Simplify GPS tracks#

Simplifaction: this operation consists to reduce the number of observations in track (while preserving time stamps and other information) to make it less bulky or more readable on a graphic.

We present, on this web page, 2 simplification methods applying to a track: Douglas & Peucker algorithm and Visvalingram simplification algorithm.

The process “Track simplification” generally returns a new simplified track. Tolerance is in the unit of track observation coordinates.

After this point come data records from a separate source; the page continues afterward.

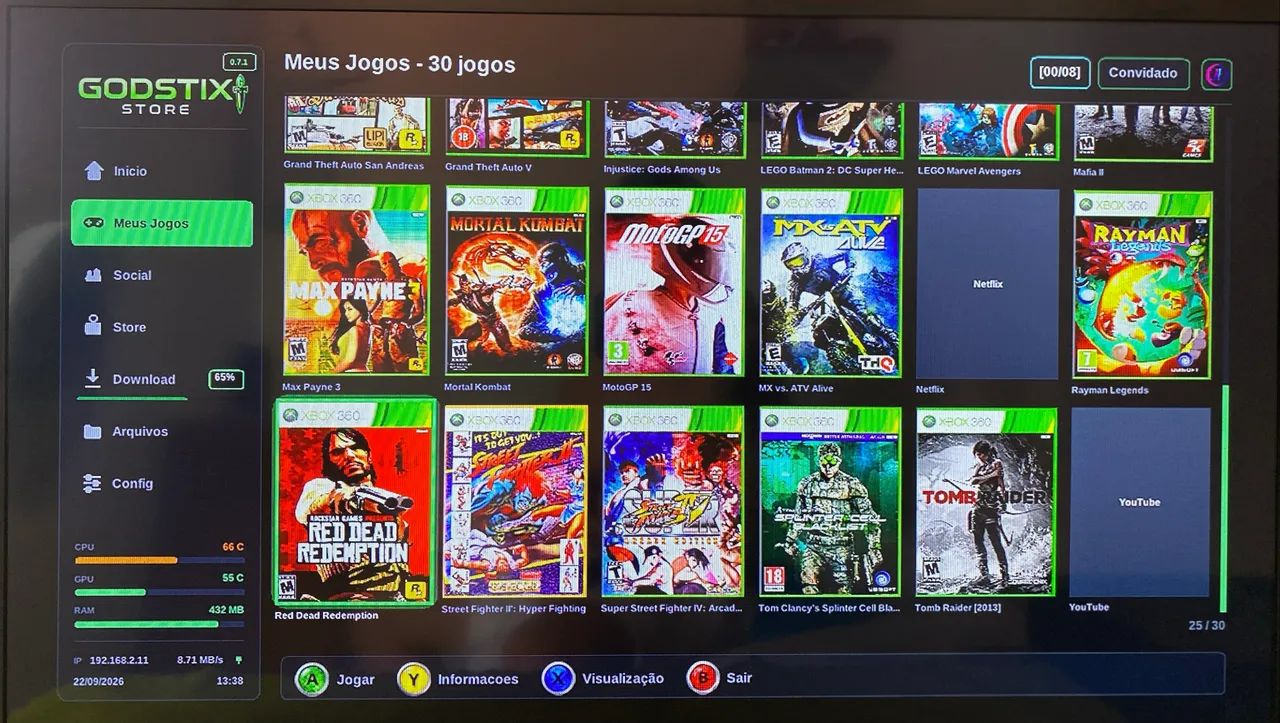 XBOX 360 - Foto 5
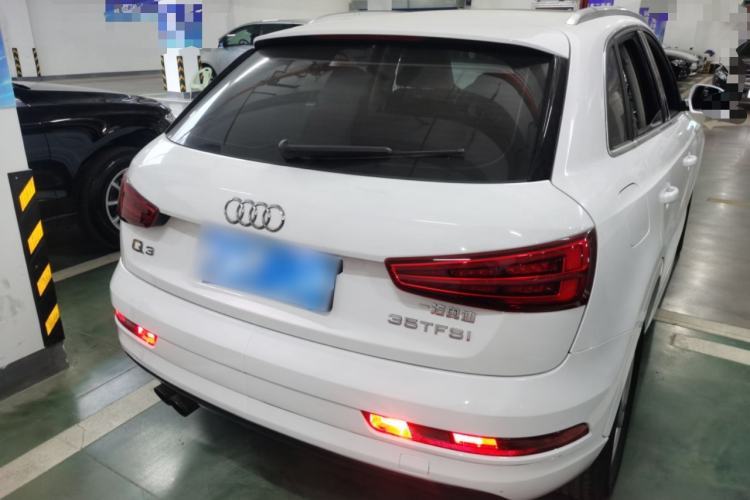 Used Audi Q3 2017 35 TFSI Fashion Model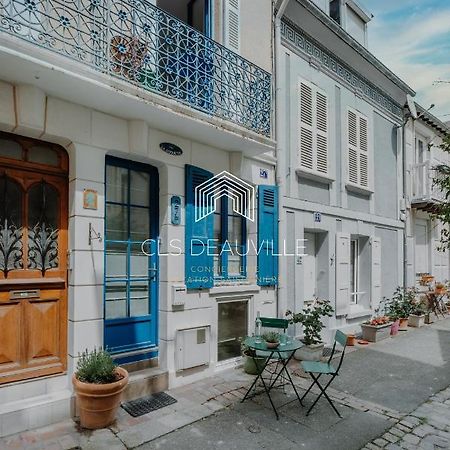 Maison De Pecheur La Coquette Cls Deauville Trouville-sur-Mer Εξωτερικό φωτογραφία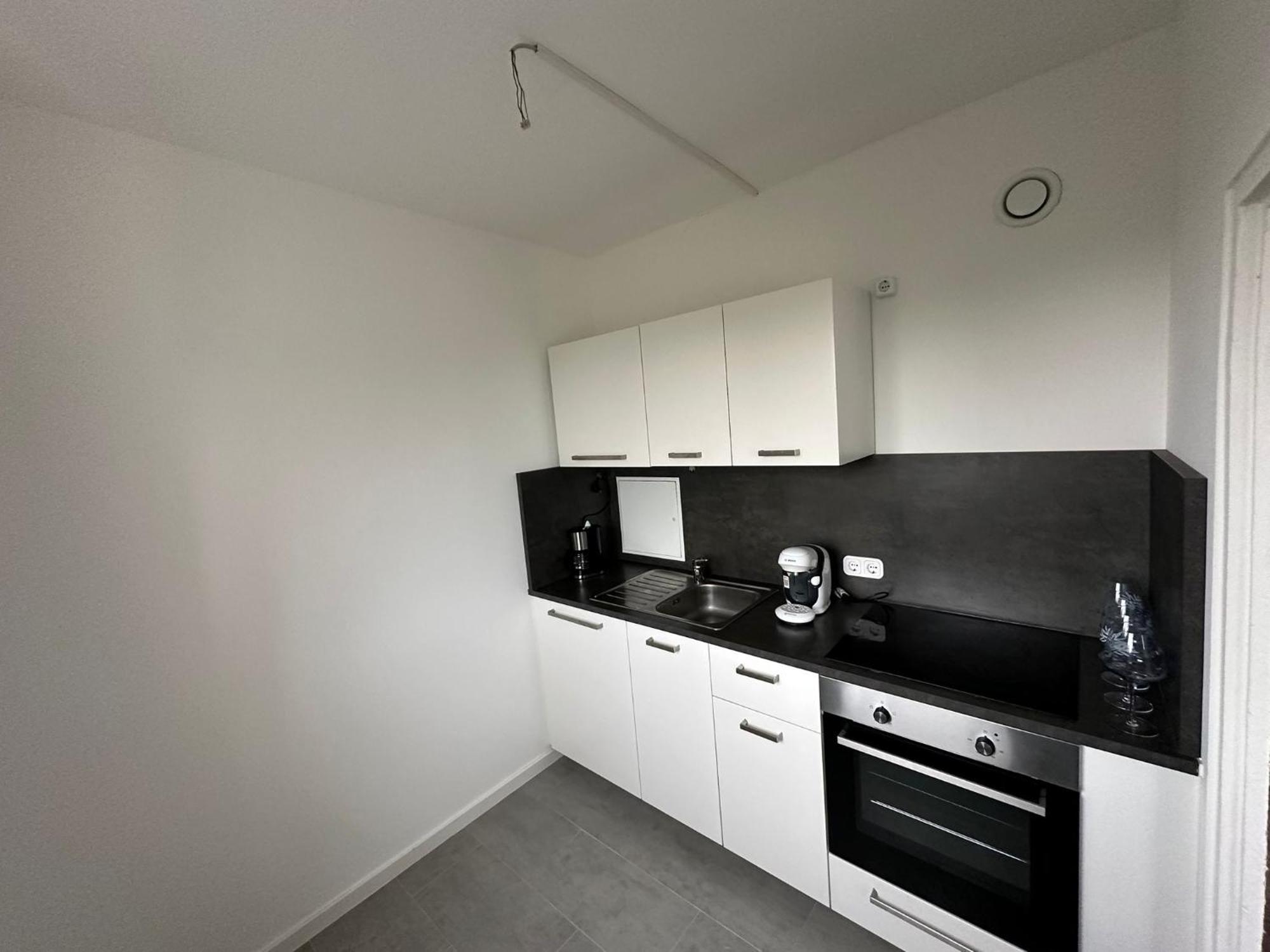 Fewo-Apartment Magdeburgo Exterior foto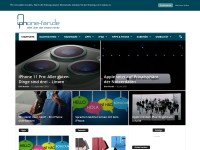 Desktop screenshot for iphone-fan.de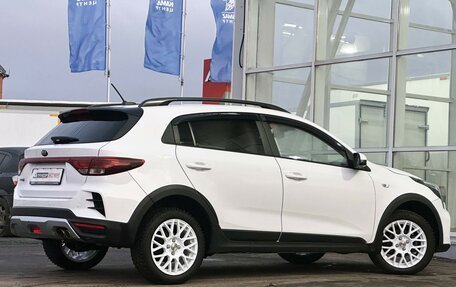 KIA Rio IV, 2021 год, 1 349 000 рублей, 5 фотография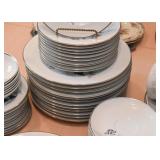 Stonegate China Set (Germany), Bavarian Wooddale Pattern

Let’s start by defining our environment#

This task is only useful for the online notebook

[1]:
import os
import sys

# Import de tracklib
module_path = os.path.abspath(os.path.join('../../..'))
if module_path not in sys.path:
    sys.path.append(module_path)

import tracklib as trk

Simplifaction with Douglas-Peucker method#

The Douglas-Peucker algorithm reduce the number of a line by reducing the number of points. The result should keep the original shape.

Reference:David Douglas, Thomas Peucker: Algorithms for the reduction of the number of points required to represent a digitized line or its caricature. In Cartographica: The International Journal for Geographic Information and Geovisualization. Volume 10, Issue 2, Pages 112–122, 1973, https://utpjournals.press/doi/10.3138/FM57-6770-U75U-7727

[2]:
import matplotlib.pyplot as plt

# Loading the geometry
chemin = '../../../data/lacet/ecrins.csv'
param = trk.TrackFormat({'ext': 'WKT',
                        'id_wkt': 0,
                        'separator': ',',
                        'srid': 'ENU',
                        'doublequote': True,
                         'header': 1,
                         'id_user': 1,
                         'id_track': 2
})
tracks = trk.TrackReader.readFromFile(chemin, param)
trace = tracks["903959","%"][0]
trace = trace.extract(70,120)

# Simplification with Douglas-Peucker
tolerance = 25
trace2 = trk.simplify(trace, tolerance, trk.MODE_SIMPLIFY_DOUGLAS_PEUCKER)
trace.plot(append = False, sym='g-')
trace2.plot(append = True, sym='b-')

plt.legend(["original track", "simplify:Douglas-Peucker"])
[2]:
<matplotlib.legend.Legend at 0x79c1742caf20>
../_images/userguide_UG_Simplification_4_1.png

Simplification with Visvalingram method#

The Visvalingram algorithm simplify the geometry of the track by reducing the number of points but the result presents less angular results than the Douglas-Peucker algorithm.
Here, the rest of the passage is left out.